My Pops told me that you can’t go around trying to save everyone. They have to save themselves. He was a terrible lifeguard.
Me: I got really cranky with Alexa this morning because she wouldn’t respond to any of my queries.
Wife: What? Why?
Me: I was calling her Siri.
Wife:
Me:
Wife: I’m naming our next kid.
i actually want my products tested on animals, if a bear doesn’t like the ps5 i know i won’t either
🙁
I had an unsettling dream. Someone came into my house and placed my Precious Moments figurines in compromising positions.

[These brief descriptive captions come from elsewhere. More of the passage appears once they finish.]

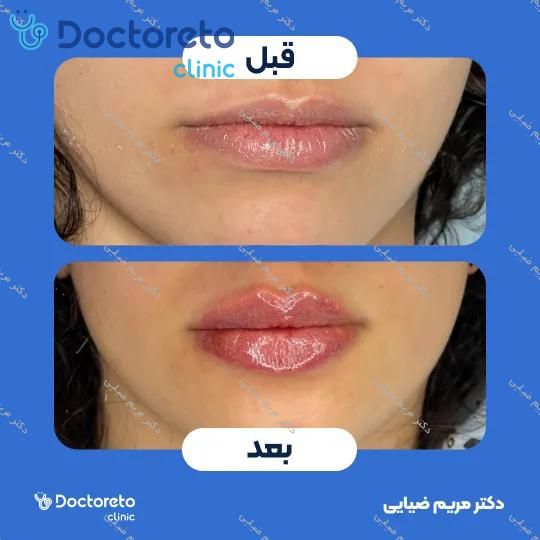 تزریق ژل لب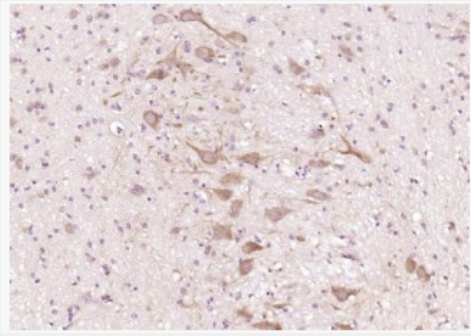 Anti-CTNND2/delta 2 Catenin antibody-δ-連環(huán)蛋白抗體,CTNND2/delta 2 Catenin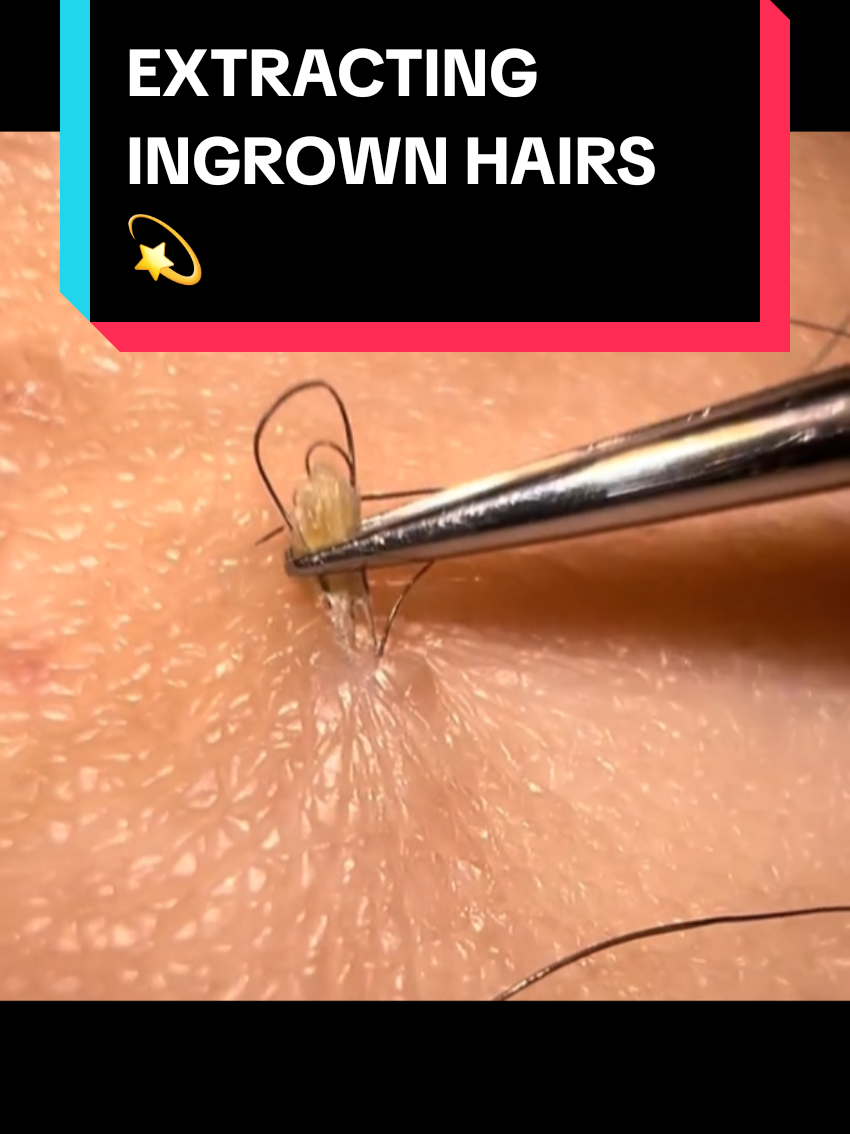 Ingrown hair extraction#creatorsearchinsights #Ingrownhair #ingrowns #ingrown #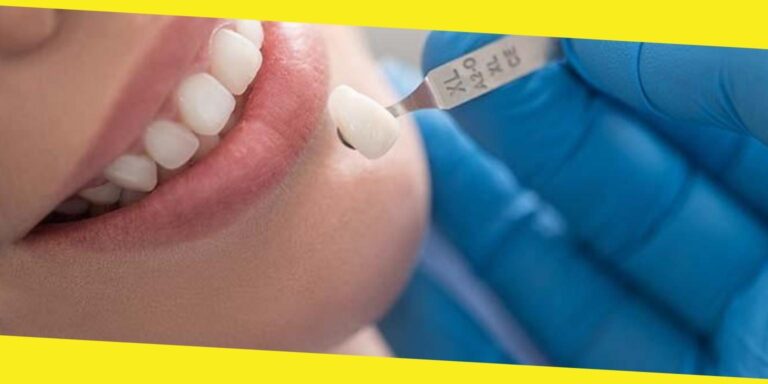 Getting a Perfect Smile with Porcelain Veneers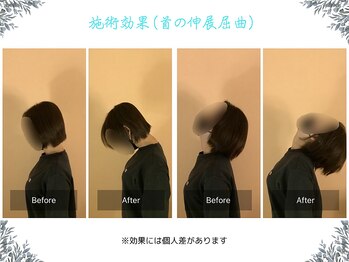 ボディ リセット アンド デザイン(Body Reset & Design)/【施術例】ビフォーアフター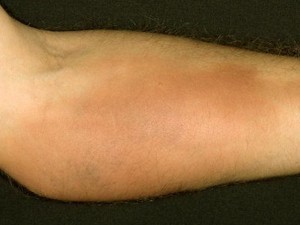 Постинъекционный флебит: лечение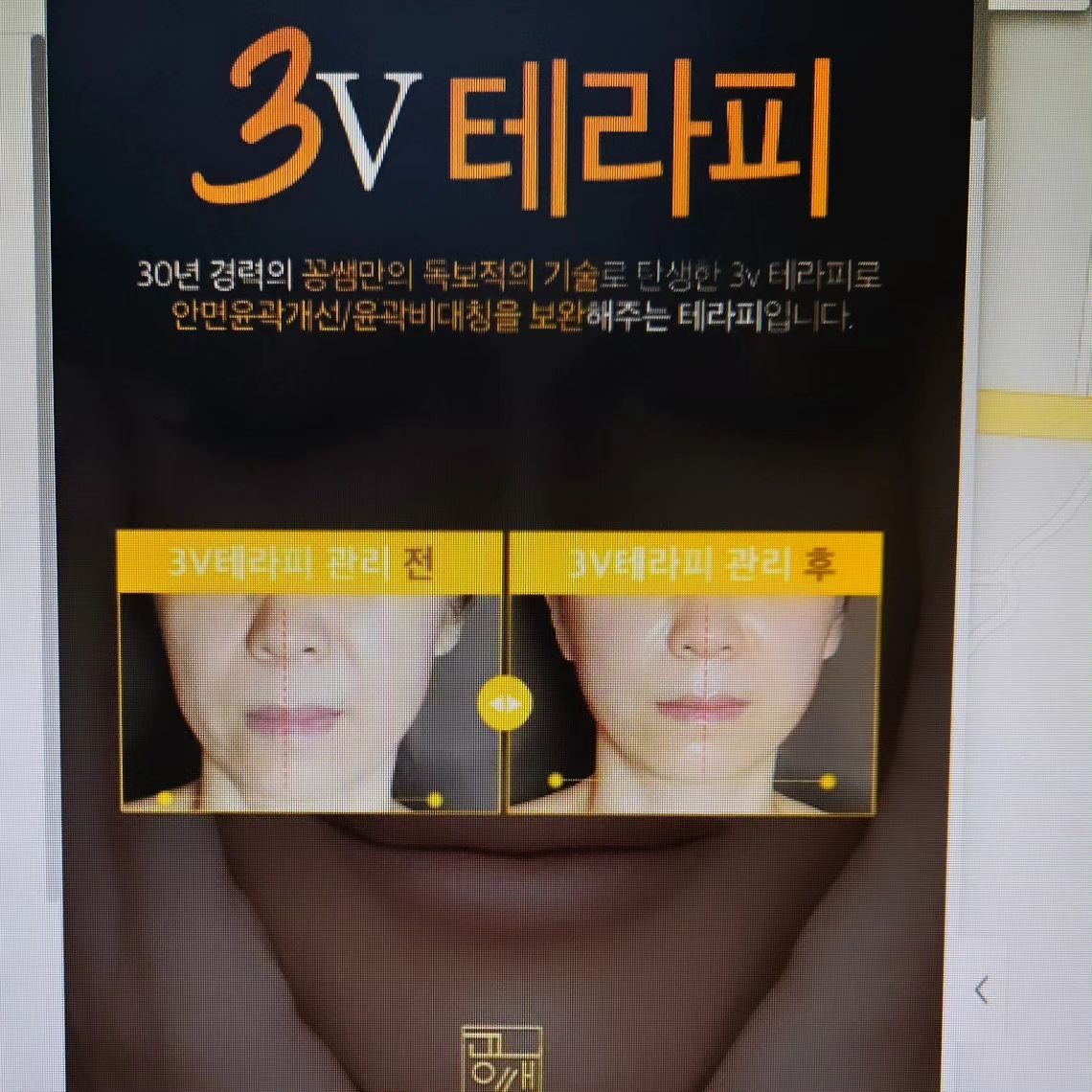 정말 통증없는 윤곽관리를 원한다면 마인 애스테틱 강력 추천 드립니다.
물리치료사 출긴이셔거 체형관리도 해주세요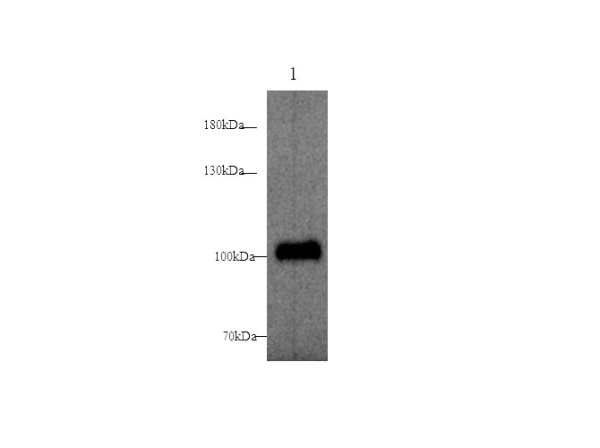 ST14 Polyclonal Antibody (D-AB-10117L)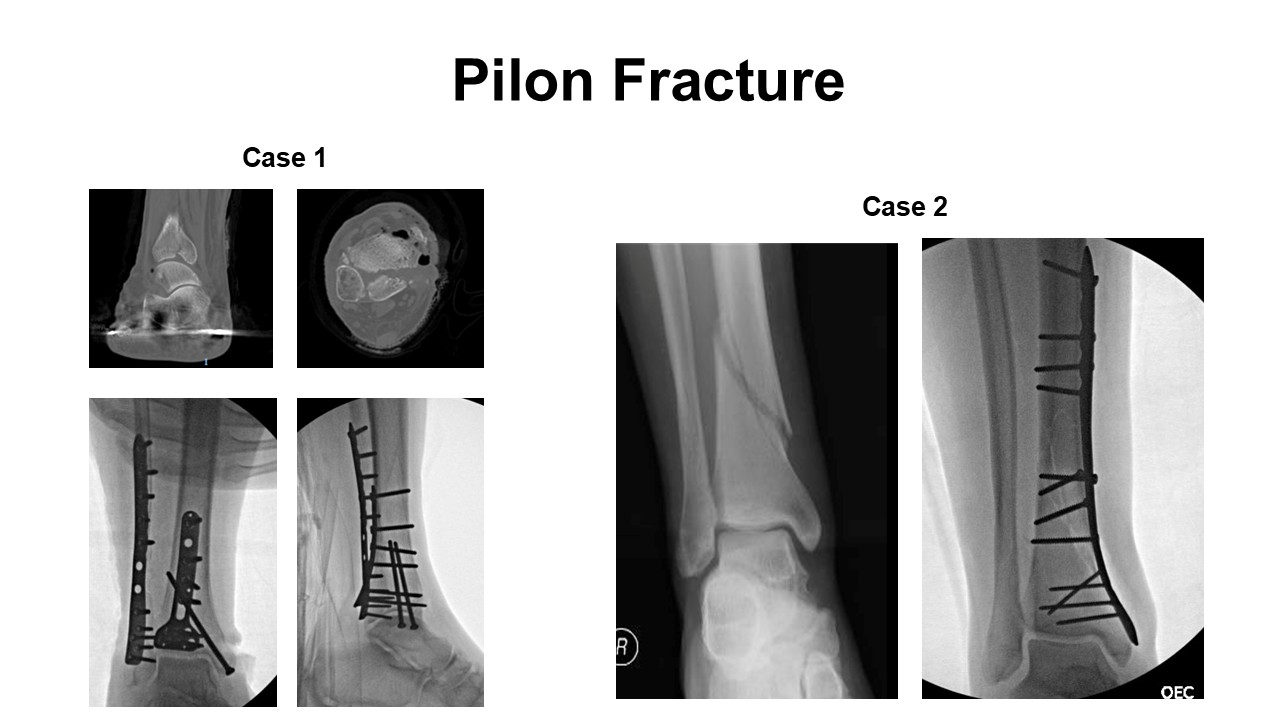 Integrity Orthopedics Pilon Fracture Repair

Me: i have a tummy ache so i been on the BRAT diet.
You: Bananas, rice, applesauce & toast?
Me *eating a bowl of bologna, rum, anchovies & tiramisu*: oh god dammit
2 kids walk into a forest and try to eat an old woman’s home and she’s the villain? I’m not buying it Brothers Grimm.
God: ok u can make one human that’s it
Satan: how do u feel about toupees & the name Donald
I drink because I care. About me. And drinks.
I’m looking forward to being the last two people on Twitter.
“I’ll take you for a walk when I’m damn well good and ready!” I say to my dog, defiantly putting on my coat, hat, gloves and scarf while grabbing her leash.
During sex she said “deeper” so I rolled over and started reading her poetry.
Dr: do you know why you gained weight?
*Flashbacks to eating fries in the car sobbing and blasting Adele*
Me: no, better run some tests
If I squint really hard, nope. You’re still an idiot.
I haven’t cleaned my shower in so long, it’s becoming a terrarium. Absolutely gorgeous.